■ **ASSIGNMENT**
Transcribe the records word for word, beginning with the first line and ending with the line that contains "Forever Red - Perfect Pearls Pigment"; include nothing else.

Source records:
-----

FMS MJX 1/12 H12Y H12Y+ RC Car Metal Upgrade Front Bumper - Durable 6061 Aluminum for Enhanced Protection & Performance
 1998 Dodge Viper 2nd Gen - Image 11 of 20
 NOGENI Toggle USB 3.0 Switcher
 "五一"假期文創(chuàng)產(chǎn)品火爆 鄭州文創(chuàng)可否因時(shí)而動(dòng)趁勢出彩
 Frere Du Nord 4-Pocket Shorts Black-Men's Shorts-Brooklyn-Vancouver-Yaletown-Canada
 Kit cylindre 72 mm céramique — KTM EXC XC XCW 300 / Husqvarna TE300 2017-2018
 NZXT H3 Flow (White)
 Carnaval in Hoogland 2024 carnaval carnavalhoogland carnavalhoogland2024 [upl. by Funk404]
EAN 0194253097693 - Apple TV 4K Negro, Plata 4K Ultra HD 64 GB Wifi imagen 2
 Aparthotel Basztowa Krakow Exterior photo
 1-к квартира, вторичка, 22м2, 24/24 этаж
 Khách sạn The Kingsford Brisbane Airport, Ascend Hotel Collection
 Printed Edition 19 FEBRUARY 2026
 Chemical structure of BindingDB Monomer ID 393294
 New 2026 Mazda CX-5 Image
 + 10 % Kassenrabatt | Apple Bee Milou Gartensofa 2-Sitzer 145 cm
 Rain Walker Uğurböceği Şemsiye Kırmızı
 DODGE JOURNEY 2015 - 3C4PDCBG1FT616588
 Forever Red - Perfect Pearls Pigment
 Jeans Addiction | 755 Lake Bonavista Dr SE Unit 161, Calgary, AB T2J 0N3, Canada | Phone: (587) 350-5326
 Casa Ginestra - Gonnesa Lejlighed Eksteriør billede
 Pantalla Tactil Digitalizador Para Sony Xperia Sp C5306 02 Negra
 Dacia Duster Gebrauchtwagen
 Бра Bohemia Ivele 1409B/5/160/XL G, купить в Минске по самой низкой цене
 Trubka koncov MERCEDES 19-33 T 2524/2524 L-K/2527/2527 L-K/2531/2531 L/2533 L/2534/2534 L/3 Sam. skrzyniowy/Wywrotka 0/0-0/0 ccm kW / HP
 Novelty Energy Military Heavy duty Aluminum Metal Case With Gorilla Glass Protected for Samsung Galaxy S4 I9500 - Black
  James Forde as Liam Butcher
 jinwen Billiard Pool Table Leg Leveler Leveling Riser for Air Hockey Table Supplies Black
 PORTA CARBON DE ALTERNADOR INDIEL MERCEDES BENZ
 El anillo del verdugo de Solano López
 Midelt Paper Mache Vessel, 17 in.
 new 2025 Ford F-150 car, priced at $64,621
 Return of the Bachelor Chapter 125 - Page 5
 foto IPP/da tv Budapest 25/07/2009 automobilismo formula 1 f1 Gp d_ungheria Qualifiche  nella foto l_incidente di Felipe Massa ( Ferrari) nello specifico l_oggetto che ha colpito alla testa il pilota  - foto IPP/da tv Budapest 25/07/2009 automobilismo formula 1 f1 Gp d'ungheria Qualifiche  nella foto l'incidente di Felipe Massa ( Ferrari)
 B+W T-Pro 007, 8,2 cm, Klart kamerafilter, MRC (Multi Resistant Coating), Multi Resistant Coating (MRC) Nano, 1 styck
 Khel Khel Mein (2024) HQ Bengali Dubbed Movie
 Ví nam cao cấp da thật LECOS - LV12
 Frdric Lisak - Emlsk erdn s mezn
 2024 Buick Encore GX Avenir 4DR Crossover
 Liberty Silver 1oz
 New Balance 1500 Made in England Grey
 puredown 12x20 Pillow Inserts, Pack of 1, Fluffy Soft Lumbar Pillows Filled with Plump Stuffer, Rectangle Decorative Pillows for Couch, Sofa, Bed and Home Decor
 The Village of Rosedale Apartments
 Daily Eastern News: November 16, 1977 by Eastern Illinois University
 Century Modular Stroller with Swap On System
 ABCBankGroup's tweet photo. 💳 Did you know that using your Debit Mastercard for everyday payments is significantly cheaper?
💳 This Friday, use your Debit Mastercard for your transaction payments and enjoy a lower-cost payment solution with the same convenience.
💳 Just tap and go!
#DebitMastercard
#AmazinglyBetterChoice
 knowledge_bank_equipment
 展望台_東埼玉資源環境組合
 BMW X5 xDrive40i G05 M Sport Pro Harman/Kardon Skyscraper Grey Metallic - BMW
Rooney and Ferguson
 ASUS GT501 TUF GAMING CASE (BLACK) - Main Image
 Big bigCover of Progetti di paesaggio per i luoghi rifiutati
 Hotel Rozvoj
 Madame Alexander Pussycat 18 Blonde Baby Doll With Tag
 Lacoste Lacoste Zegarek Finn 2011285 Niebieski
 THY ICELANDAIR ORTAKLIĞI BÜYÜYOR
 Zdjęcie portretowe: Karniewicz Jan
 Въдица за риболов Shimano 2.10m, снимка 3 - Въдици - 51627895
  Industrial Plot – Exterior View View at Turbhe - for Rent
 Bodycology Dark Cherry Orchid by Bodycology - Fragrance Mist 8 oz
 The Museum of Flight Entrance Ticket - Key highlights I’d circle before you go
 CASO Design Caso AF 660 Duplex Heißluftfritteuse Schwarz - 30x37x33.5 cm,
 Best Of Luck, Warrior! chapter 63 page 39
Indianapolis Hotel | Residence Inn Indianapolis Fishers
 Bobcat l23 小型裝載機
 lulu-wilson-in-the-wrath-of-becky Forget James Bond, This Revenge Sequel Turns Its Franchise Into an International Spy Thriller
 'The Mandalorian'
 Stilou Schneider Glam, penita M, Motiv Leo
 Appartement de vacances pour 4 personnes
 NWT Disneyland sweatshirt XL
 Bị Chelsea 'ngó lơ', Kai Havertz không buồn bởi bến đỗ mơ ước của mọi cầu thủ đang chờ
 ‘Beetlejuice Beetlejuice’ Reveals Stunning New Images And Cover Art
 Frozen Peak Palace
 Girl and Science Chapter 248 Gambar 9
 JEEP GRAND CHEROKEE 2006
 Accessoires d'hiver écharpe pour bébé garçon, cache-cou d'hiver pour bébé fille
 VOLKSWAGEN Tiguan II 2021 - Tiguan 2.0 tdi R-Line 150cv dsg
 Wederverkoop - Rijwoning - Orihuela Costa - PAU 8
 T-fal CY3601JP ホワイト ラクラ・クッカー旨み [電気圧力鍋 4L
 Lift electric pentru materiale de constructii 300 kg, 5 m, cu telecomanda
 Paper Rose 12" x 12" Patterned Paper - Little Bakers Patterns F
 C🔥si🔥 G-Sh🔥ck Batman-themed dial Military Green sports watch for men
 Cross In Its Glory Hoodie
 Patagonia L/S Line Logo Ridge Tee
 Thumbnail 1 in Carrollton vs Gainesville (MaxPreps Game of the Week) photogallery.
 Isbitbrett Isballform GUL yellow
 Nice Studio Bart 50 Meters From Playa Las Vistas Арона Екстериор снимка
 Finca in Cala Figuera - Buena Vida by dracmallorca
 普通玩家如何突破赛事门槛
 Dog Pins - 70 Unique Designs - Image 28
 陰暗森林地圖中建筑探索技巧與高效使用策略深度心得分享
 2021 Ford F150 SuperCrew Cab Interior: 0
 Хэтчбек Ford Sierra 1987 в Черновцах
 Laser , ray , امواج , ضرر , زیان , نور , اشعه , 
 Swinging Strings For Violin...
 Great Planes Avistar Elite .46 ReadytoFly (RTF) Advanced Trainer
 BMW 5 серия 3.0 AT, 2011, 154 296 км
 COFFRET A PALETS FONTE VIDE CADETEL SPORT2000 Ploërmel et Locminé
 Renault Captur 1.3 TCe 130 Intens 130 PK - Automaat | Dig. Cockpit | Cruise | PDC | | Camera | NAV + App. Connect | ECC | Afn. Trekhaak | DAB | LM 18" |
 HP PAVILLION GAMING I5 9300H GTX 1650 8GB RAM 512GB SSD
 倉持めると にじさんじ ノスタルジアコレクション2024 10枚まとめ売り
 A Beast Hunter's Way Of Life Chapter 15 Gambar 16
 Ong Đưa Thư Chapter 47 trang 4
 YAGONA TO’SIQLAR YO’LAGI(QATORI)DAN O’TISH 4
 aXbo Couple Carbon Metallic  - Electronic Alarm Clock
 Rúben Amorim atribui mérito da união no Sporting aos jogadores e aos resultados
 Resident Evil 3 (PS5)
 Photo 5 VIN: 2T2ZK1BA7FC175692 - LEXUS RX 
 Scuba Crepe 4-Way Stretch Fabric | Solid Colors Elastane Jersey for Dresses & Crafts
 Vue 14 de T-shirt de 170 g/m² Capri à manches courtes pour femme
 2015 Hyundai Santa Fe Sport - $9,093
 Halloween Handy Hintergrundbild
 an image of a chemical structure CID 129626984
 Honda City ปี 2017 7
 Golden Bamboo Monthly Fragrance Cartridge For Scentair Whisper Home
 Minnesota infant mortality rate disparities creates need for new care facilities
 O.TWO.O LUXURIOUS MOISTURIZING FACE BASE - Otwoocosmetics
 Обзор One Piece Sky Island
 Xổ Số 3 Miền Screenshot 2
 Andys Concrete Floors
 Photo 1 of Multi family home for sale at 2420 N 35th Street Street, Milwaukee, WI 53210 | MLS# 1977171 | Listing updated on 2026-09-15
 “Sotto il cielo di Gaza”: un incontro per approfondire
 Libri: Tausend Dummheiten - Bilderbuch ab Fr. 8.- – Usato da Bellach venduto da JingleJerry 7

-----

■ **YOUR SOLUTION**
FMS MJX 1/12 H12Y H12Y+ RC Car Metal Upgrade Front Bumper - Durable 6061 Aluminum for Enhanced Protection & Performance
 1998 Dodge Viper 2nd Gen - Image 11 of 20
 NOGENI Toggle USB 3.0 Switcher
 "五一"假期文創(chuàng)產(chǎn)品火爆 鄭州文創(chuàng)可否因時(shí)而動(dòng)趁勢出彩
 Frere Du Nord 4-Pocket Shorts Black-Men's Shorts-Brooklyn-Vancouver-Yaletown-Canada
 Kit cylindre 72 mm céramique — KTM EXC XC XCW 300 / Husqvarna TE300 2017-2018
 NZXT H3 Flow (White)
 Carnaval in Hoogland 2024 carnaval carnavalhoogland carnavalhoogland2024 [upl. by Funk404]
EAN 0194253097693 - Apple TV 4K Negro, Plata 4K Ultra HD 64 GB Wifi imagen 2
 Aparthotel Basztowa Krakow Exterior photo
 1-к квартира, вторичка, 22м2, 24/24 этаж
 Khách sạn The Kingsford Brisbane Airport, Ascend Hotel Collection
 Printed Edition 19 FEBRUARY 2026
 Chemical structure of BindingDB Monomer ID 393294
 New 2026 Mazda CX-5 Image
 + 10 % Kassenrabatt | Apple Bee Milou Gartensofa 2-Sitzer 145 cm
 Rain Walker Uğurböceği Şemsiye Kırmızı
 DODGE JOURNEY 2015 - 3C4PDCBG1FT616588
 Forever Red - Perfect Pearls Pigment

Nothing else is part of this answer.